START TASK INPUT

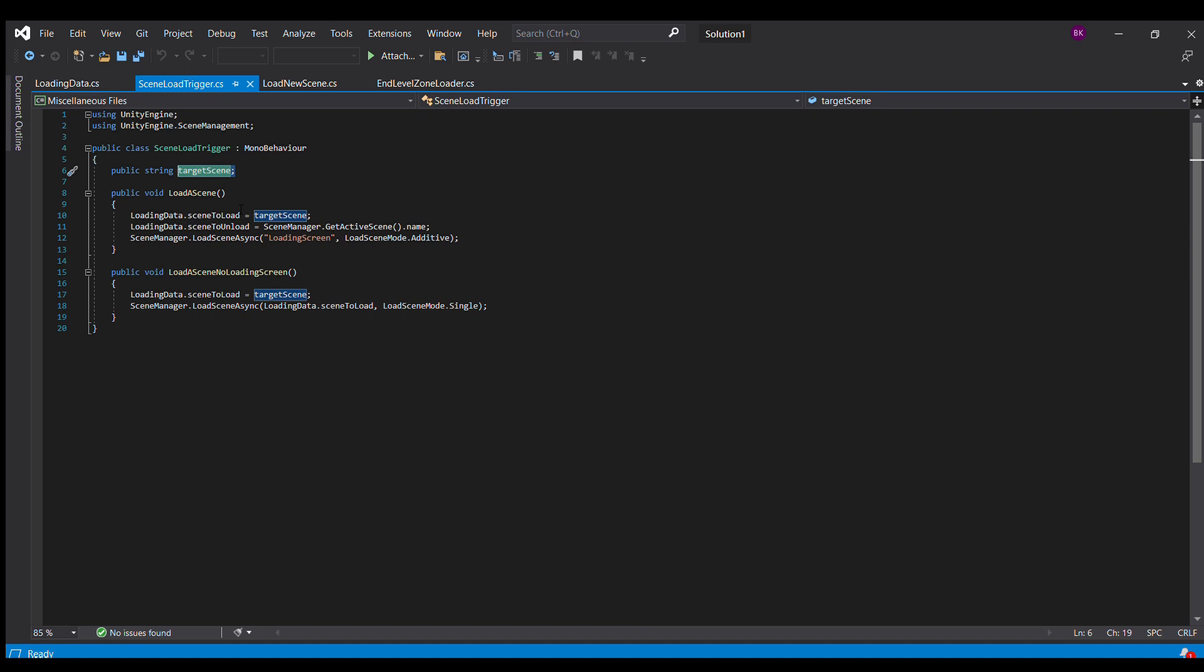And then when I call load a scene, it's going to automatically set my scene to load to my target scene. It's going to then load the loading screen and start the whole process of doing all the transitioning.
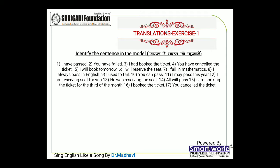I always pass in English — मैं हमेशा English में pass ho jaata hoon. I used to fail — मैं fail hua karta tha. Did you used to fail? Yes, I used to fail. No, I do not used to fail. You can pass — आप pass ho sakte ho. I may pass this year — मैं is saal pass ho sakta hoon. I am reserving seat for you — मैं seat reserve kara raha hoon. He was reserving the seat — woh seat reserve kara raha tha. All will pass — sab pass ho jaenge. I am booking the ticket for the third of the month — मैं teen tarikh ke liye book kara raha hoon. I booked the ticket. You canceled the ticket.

END TASK INPUT
START TASK INPUT

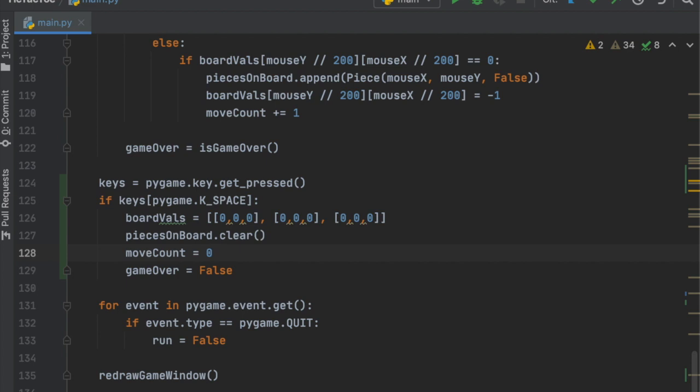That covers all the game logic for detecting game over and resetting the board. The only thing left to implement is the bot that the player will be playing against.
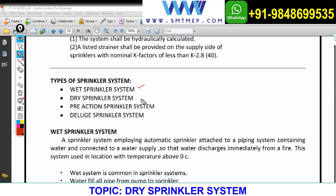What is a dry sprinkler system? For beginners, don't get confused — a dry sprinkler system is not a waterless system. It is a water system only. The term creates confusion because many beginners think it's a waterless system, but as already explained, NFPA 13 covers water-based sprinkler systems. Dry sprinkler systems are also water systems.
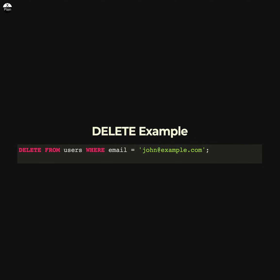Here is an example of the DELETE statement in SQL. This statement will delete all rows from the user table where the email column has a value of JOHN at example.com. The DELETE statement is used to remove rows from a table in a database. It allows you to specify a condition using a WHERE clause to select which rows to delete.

END TASK INPUT

## AIM OF THE TASK
Nothing outside the stretch above, from the line with "That covers all" through the line with "Here is an example", is set down. Transcribe that stretch exactly, ends included, but not its pictures.

## EXERCISE SOLUTION
That covers all the game logic for detecting game over and resetting the board. The only thing left to implement is the bot that the player will be playing against.
What is a dry sprinkler system? For beginners, don't get confused — a dry sprinkler system is not a waterless system. It is a water system only. The term creates confusion because many beginners think it's a waterless system, but as already explained, NFPA 13 covers water-based sprinkler systems. Dry sprinkler systems are also water systems.
Here is an example of the DELETE statement in SQL. This statement will delete all rows from the user table where the email column has a value of JOHN at example.com. The DELETE statement is used to remove rows from a table in a database. It allows you to specify a condition using a WHERE clause to select which rows to delete.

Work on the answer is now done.